Task details → Your output should be the lines below from the one with "Martha A. Dieter Fitzpatrick" through the one with "Bmw m4 F82 pull", copied exactly, pictures excluded.

Record extracts →
*** Block opens ***

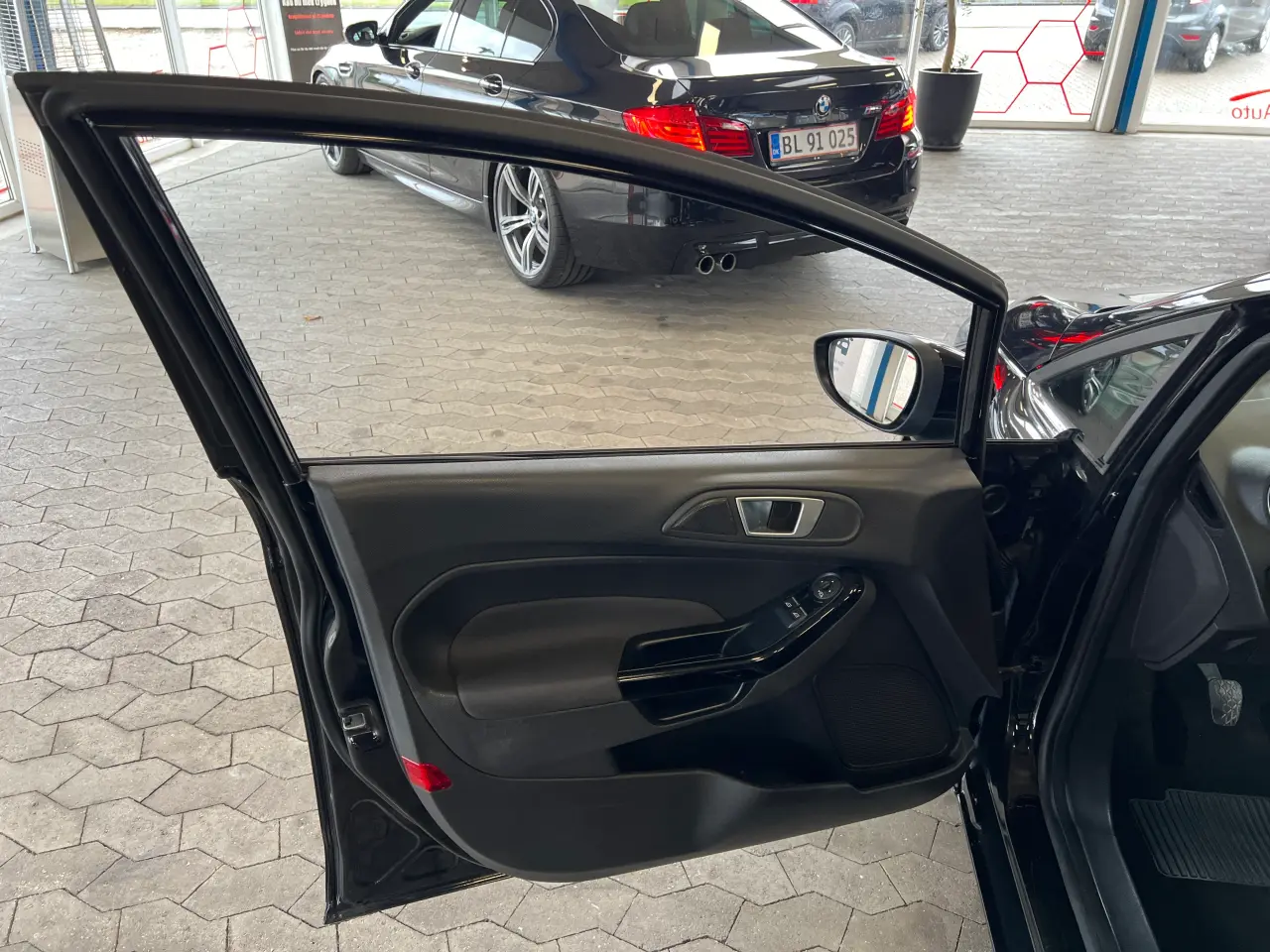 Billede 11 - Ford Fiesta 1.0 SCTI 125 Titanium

*** Block closes ***
*** Block opens ***

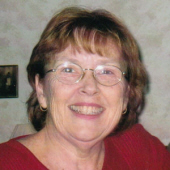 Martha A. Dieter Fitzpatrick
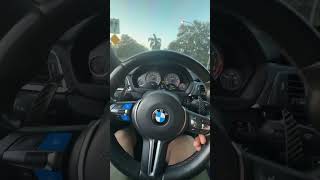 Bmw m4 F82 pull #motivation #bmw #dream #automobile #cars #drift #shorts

*** Block closes ***

Solved problem →
 Martha A. Dieter Fitzpatrick
 Bmw m4 F82 pull #motivation #bmw #dream #automobile #cars #drift #shorts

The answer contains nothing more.